Wednesday, November 28, 2007

Transitive reduction

Quick note to self, having stumbled on the Wikipedia page on transitive reduction. Given a graph like this:

the transitive reduction is:

Note that the original graph has an edge a -> d, but this is absent after the reduction because we can get from a to d via b (or c).

What's the point? Well, it occurs to me that a quick way of harvesting information about existing taxonomies (e.g., if we want to assemble an all embracing classification of life to hep navigate a database) is to make use of the titles of taxonomic papers, e.g., the title Platyprotus phyllosoma, gen. nov., sp. nov., from Enderby Land, Antarctica, an unusual munnopsidid without natatory pereopods (Crustacea: Isopoda: Asellota) gives us:

Crustacea -> Isopoda -> Asellota ->Platyprotus -> phyllosoma

From the paper, and or other sources we can get paths such as Asellota -> Munnopsididae -> Platyprotus and Isopoda -> Munnopsididae. Imagine that we have a set of these paths, and want to assemble a classification (for example, we want to grow the Species 2000 classification, which lacks this isopod). Here's the graph:

This clearly gives us information on the classification of the isopod, but it's not a hierarchy. The transitive reduction, however, is:

It would be fun to explore using this technique to mine taxonomic papers and automate the extraction of classifications, as well as names.

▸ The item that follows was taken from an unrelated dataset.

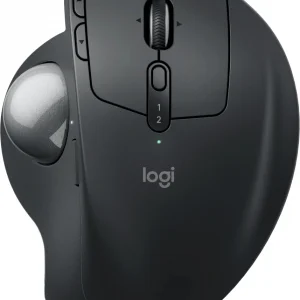 Трекбол Logitech Trackball MX Ergo S графитовый оптическая 2048dpi беспров. BT/Radio USB (910-007261)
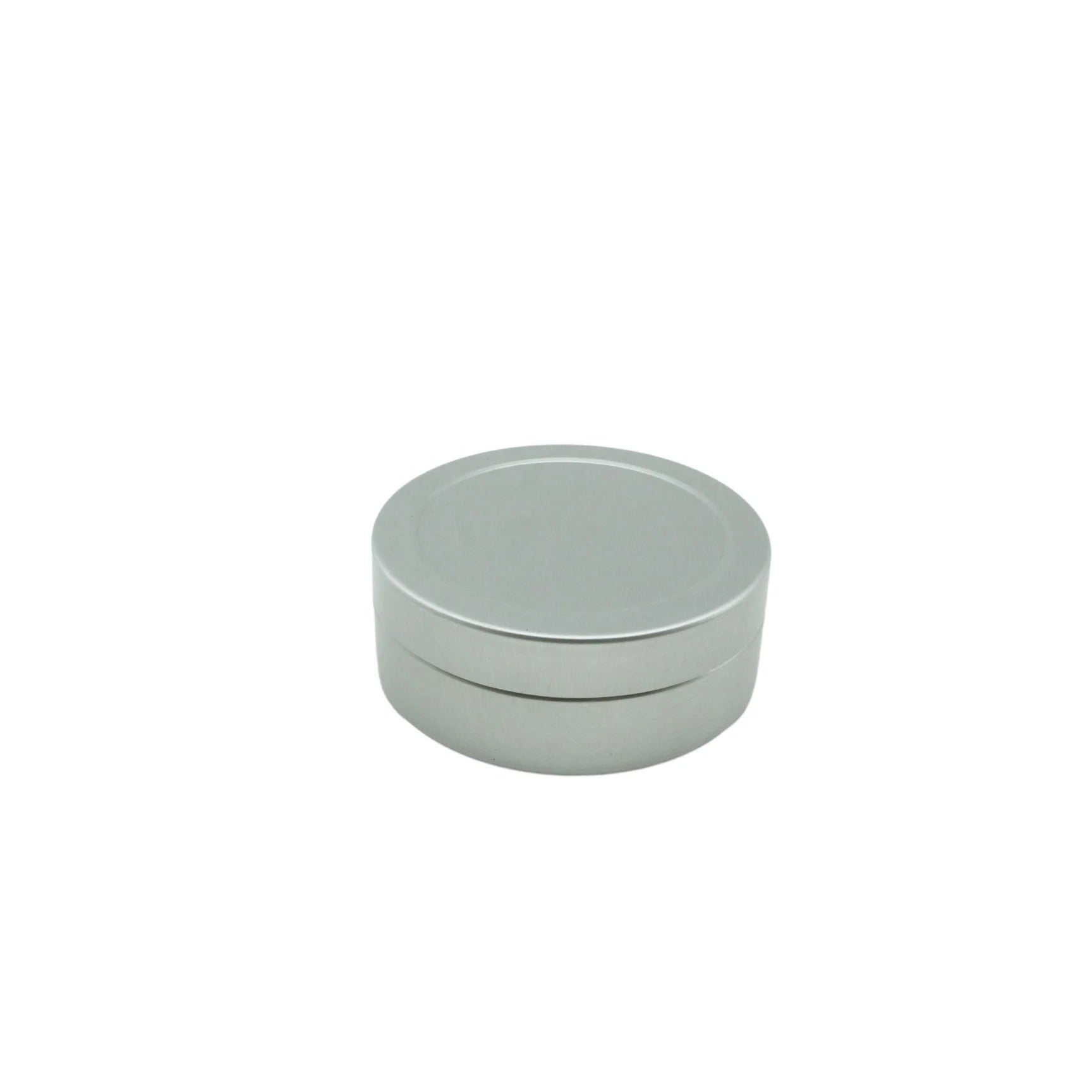 10ml 15ml 20ml Small Aluminum Tin Box Round Empty Container for Lip Balm Hand Cream Cosmetic Balm slip Cap - 图片 4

Tuesday, November 20, 2007


Paulo Nuin recently interviewed me for his Blind.Scientist blog. The interview is part of his SciView series.

Friday, November 16, 2007

Thesis online

One side effect of the trend towards digitising everything is that stuff one forgot about (or, perhaps, would like to forget about) comes back to haunt you. My alma mater, the University of Auckland is digitising theses, and my PhD thesis "Panbiogeography: a cladistic approach" is now online (hdl:2292/1999). Here's the abstract:

This thesis develops a quantitative cladistic approach to panbiogeography. Algorithms for constructing and comparing area cladograms are developed and implemented in a computer program. Examples of the use of this software are described. The principle results of this thesis are: (1) The description of algorithms for implementing Nelson and Platnick's (1981) methods for constructing area cladograms. These algorithms have been incorporated into a computer program. (2) Zandee and Roos' (1987) methods based on "component-compatibility" are shown to be flawed. (3) Recent criticisms of Nelson and Platnick's methods by E. O. Wiley are rebutted. (4) A quantitative reanalysis of Hafner and Nadler's (1988) allozyme data for gophers and their parasitic lice illustrates the utility of information on timing of speciation events in interpreting apparent incongruence between host and parasite cladograms. In addition the thesis contains a survey of some current themes in biogeography, a reply to criticisms of my earlier work on track analysis, and an application of bootstrap and consensus methods to place confidence limits on estimates of cladograms.

1990. Ah, happy days...

Thursday, November 15, 2007

Phyloinformatics workshop online

Slides from the recent Phyloinformatics workshop in Edinburgh are now online at the e-Science Institute. In case the e-Science Institute site disappears I've posted the slides on slideshare.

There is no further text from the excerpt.